The interval of their appearance coincides with the option
“opendistro.index_state_management.job_interval”
but there are nodes that contain the primary shards of indexies whith ISM policy but do not contain such messages in the log.
The logging level on all nodes of the cluster is the same.

Can you share information in which case these messages are written to the log and should they be on all data nodes?

And, sorry, I didn’t write in the first post I am using ODFE 1.13.1 but this is not a clean install, it was constantly updated from one of the first versions (0.8.0 or 0.9.0). Maybe some artifacts have accumulated?

Hi @mouse,

Those logs show up on the nodes executing the internal jobs that manage the individual indices you have applied a policy to. The way it is distributed across nodes is to take the set of nodes that contain a shard of the .opendistro-ism-config index and split the job executions across these nodes. So it’s perfectly fine to not see these logs on some data nodes.

" It should also be noted that the same policy (policy_11) starts working without any changes if I delete a block “ism_template”: {“index_patterns […]}” in any of the 10 previously created ones."

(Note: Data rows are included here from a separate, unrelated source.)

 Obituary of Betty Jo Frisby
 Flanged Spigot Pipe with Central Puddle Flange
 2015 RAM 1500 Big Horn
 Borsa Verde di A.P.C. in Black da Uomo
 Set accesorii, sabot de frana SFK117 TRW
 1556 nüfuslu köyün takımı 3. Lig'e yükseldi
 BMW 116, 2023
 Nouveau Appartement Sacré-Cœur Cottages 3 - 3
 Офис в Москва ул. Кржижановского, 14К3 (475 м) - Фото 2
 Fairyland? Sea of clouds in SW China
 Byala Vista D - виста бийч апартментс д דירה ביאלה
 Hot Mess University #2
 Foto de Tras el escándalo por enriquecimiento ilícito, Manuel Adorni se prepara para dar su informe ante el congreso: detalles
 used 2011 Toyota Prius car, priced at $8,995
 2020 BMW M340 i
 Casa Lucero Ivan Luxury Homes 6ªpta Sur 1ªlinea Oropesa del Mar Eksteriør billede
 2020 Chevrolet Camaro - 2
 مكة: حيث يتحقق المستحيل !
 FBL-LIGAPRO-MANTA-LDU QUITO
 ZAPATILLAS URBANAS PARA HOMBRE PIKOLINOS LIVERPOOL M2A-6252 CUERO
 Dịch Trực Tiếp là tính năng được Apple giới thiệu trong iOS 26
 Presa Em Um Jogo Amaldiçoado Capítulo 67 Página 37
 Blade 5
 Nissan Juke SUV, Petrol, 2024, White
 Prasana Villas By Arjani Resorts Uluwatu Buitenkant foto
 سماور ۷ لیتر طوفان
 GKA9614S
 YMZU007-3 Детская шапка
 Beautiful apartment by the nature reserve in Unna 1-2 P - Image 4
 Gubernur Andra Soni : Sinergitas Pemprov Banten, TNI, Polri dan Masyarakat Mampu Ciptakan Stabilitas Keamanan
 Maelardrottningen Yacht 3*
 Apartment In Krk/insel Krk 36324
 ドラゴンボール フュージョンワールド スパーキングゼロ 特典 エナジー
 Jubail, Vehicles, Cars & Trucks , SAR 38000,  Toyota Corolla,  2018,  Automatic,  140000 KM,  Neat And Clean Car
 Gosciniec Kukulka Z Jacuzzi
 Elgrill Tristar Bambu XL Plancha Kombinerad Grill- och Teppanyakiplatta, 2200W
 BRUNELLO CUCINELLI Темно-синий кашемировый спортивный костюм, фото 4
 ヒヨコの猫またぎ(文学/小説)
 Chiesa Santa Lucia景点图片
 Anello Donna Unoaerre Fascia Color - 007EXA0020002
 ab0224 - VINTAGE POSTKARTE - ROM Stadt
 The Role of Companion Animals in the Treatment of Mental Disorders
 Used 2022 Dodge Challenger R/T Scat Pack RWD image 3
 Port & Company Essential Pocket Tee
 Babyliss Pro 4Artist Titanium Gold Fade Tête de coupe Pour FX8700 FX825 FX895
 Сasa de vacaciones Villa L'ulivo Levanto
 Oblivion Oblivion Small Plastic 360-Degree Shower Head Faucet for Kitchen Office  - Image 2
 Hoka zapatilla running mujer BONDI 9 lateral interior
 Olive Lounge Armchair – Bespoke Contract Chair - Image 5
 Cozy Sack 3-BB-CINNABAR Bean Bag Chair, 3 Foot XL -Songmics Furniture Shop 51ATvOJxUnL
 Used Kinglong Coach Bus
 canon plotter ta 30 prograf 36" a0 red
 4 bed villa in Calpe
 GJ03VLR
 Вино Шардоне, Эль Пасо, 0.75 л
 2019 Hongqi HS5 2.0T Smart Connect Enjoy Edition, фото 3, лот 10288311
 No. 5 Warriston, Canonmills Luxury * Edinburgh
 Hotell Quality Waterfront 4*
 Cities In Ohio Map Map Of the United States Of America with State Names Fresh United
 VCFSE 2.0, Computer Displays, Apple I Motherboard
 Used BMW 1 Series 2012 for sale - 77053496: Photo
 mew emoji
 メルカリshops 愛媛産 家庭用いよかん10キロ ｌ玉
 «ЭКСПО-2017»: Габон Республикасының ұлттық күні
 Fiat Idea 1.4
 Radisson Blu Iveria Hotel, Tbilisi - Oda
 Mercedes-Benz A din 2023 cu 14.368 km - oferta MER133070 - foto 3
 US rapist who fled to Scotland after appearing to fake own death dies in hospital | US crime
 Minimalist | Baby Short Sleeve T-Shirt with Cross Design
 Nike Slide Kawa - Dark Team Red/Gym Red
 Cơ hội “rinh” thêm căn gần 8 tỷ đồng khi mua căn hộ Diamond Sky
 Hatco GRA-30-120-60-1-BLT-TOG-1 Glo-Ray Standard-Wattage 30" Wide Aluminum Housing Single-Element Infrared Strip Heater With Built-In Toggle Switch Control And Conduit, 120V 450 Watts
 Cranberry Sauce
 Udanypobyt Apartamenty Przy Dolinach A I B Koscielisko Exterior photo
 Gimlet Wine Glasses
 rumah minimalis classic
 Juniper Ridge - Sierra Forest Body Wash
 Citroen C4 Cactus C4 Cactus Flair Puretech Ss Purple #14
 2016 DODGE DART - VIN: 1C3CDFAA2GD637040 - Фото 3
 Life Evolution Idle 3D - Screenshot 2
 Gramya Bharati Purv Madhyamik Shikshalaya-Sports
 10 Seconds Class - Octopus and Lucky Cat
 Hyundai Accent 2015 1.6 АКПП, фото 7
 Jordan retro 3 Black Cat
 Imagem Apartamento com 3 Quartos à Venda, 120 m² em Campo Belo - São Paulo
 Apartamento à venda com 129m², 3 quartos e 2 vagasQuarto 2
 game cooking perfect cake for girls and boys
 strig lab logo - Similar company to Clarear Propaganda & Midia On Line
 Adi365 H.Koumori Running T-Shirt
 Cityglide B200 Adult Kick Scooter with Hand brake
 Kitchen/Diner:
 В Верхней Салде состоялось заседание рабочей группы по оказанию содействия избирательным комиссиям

This looks like the default search size of 10 documents. @bowenlan Is the internal search for finding the matching ISM templates not correctly getting all policies but instead only the top 10?

I think that is the issue, the internal search for ISM templates (policies) is not specifying the size so it’s defaulting to only getting 10 of them.

@mouse Thanks for finding this issue! Would you be able to create a bug report for us on GitHub - opendistro-for-elasticsearch/index-management: 🗃 Open Distro for Elasticsearch Index Management

1 Like

@dbbaughe
Done

2 Likes